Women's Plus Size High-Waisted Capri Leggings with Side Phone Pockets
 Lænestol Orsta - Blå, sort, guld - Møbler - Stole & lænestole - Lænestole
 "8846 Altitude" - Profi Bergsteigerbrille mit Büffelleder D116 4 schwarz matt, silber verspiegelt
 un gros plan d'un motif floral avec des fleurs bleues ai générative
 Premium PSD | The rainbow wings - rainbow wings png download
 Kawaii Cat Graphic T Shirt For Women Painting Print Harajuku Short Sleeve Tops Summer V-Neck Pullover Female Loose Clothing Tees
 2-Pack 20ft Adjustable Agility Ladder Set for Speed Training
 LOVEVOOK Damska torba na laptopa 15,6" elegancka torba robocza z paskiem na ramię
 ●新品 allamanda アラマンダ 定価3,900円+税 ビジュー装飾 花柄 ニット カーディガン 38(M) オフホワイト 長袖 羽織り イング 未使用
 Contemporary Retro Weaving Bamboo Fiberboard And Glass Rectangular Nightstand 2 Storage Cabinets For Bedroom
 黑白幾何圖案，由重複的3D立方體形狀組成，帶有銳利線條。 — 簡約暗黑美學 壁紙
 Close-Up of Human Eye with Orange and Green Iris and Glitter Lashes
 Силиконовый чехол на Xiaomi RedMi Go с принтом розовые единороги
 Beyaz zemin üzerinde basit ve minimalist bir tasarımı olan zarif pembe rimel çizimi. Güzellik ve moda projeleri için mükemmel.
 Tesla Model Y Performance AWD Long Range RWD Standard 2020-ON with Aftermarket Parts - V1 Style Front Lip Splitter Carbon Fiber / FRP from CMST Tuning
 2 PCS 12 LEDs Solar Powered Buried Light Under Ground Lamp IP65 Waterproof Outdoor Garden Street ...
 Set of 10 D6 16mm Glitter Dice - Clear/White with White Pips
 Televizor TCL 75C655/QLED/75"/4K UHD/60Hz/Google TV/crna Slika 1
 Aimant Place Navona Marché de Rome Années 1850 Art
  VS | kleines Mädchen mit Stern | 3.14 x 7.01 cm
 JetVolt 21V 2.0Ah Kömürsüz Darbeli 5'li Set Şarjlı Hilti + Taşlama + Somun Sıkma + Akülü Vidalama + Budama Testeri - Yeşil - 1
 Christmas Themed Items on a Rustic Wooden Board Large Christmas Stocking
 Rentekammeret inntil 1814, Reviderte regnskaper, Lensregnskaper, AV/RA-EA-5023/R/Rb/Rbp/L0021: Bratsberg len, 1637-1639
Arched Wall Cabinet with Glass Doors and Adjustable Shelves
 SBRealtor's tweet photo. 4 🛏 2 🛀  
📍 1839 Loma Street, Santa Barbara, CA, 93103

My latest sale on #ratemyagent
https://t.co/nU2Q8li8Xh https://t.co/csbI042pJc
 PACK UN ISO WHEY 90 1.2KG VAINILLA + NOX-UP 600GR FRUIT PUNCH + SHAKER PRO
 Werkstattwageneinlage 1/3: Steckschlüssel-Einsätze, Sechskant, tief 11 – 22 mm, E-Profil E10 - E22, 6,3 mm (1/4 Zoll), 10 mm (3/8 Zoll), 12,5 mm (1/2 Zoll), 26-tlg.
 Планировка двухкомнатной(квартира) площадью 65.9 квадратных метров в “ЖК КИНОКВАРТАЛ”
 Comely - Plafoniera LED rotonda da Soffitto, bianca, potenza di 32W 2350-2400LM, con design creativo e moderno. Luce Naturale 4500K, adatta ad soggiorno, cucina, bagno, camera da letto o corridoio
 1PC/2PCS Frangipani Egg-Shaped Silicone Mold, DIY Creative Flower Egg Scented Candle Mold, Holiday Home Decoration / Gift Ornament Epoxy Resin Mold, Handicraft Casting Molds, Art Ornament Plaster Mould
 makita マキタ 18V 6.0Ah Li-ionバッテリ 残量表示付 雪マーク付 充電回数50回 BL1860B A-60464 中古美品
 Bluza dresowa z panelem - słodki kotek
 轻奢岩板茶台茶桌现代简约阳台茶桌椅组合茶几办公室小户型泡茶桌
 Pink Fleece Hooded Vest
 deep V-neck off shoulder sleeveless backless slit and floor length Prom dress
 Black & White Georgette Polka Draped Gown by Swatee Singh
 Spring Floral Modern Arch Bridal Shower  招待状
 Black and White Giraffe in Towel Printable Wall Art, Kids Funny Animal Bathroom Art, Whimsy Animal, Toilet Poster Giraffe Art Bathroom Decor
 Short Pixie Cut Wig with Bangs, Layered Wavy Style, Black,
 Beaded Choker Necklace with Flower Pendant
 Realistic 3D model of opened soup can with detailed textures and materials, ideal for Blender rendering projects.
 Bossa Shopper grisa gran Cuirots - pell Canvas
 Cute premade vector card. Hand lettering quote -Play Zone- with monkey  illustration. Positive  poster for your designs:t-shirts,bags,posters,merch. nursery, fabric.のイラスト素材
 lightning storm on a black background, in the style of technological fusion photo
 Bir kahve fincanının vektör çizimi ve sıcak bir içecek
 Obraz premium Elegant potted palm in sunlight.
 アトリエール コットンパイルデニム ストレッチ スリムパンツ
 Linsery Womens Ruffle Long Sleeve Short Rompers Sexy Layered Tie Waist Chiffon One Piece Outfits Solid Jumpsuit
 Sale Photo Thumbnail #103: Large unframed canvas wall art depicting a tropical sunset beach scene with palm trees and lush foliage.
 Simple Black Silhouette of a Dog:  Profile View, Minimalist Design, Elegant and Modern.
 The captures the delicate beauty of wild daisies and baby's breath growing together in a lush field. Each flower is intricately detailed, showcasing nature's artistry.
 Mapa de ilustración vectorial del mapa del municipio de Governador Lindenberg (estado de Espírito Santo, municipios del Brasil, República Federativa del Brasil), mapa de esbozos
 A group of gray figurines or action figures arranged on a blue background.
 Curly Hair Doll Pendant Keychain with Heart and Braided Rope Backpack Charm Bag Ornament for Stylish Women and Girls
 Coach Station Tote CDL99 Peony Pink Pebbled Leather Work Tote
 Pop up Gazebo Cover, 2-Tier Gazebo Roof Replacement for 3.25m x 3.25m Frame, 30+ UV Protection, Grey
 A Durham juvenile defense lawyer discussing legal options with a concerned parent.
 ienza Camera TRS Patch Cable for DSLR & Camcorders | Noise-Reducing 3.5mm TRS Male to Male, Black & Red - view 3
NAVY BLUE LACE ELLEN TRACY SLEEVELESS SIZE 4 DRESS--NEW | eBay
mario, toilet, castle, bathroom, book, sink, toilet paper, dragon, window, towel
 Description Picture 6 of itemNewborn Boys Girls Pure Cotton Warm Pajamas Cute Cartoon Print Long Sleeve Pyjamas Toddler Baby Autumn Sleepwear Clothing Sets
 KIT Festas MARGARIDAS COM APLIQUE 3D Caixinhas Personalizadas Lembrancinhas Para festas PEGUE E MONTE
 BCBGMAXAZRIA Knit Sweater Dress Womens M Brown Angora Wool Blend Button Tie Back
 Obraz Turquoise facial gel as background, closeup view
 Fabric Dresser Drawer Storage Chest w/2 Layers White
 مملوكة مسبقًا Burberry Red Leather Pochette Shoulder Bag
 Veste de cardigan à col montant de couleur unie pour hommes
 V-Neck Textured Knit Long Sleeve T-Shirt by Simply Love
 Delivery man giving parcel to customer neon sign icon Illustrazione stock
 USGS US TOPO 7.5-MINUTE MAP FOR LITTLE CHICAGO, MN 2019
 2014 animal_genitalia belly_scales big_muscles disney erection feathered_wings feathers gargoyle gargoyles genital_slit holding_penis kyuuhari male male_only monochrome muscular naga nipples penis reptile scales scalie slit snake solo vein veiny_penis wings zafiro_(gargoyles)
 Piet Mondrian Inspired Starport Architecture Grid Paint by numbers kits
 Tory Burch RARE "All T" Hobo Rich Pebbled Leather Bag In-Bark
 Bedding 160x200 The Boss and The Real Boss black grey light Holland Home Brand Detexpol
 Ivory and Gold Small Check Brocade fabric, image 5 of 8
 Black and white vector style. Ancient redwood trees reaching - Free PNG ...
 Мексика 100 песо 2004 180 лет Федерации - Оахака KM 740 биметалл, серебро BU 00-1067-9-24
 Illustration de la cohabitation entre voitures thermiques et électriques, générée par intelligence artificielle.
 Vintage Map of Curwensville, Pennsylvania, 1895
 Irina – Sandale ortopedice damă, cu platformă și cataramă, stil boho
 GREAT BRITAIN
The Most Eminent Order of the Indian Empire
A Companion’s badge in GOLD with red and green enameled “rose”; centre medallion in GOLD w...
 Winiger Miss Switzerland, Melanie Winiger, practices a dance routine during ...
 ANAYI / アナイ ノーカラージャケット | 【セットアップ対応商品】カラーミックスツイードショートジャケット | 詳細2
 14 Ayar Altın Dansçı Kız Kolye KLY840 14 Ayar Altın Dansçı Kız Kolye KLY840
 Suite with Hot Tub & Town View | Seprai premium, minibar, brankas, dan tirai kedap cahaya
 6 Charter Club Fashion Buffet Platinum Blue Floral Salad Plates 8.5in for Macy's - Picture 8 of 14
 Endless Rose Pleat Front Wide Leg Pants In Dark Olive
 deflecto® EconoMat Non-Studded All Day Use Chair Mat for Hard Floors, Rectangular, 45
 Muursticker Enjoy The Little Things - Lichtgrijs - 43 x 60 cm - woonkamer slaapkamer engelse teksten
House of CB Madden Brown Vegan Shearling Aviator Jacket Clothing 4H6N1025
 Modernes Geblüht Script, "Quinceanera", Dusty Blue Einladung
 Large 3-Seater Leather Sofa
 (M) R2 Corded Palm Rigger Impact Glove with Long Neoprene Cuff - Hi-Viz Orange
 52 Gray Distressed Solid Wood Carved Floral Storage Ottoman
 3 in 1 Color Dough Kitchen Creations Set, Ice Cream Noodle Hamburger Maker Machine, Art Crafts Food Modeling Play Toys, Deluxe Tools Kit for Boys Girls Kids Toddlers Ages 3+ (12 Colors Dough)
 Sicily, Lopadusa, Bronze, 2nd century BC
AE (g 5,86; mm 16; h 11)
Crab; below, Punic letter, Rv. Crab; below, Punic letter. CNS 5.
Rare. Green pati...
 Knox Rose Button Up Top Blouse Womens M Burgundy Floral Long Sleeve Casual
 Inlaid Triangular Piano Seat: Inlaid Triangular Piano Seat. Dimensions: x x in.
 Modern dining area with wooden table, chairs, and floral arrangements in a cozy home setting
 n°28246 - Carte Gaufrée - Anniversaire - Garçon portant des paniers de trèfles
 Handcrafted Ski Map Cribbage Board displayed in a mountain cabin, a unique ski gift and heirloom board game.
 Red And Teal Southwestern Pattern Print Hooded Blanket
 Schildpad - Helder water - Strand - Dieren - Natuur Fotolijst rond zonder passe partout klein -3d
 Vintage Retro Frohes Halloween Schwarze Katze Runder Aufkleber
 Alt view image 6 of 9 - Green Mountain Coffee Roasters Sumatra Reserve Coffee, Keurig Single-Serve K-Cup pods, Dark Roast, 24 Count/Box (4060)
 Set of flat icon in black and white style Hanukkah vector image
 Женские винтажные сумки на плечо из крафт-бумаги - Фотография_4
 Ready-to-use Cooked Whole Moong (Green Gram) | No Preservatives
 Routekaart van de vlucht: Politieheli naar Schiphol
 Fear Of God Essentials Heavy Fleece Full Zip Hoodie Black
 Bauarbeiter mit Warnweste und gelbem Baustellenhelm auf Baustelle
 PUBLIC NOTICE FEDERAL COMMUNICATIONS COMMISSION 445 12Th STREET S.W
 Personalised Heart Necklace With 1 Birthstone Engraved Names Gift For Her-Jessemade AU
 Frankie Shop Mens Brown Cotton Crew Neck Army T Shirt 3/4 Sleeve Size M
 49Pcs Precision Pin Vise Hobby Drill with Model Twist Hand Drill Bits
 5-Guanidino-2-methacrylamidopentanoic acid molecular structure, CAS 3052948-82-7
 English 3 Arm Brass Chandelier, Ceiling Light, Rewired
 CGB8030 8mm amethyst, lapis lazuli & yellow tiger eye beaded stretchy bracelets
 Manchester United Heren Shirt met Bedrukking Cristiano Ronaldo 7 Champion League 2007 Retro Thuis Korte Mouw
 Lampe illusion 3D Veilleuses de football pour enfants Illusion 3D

## [Your objective]
Begin at the line above that has "Rentekammeret inntil 1814, Reviderte" and stop after the line that has "Barbara, CA, 93103", copying each line exactly and adding nothing else.

## [Task solution]
 Rentekammeret inntil 1814, Reviderte regnskaper, Lensregnskaper, AV/RA-EA-5023/R/Rb/Rbp/L0021: Bratsberg len, 1637-1639
Arched Wall Cabinet with Glass Doors and Adjustable Shelves
 SBRealtor's tweet photo. 4 🛏 2 🛀  
📍 1839 Loma Street, Santa Barbara, CA, 93103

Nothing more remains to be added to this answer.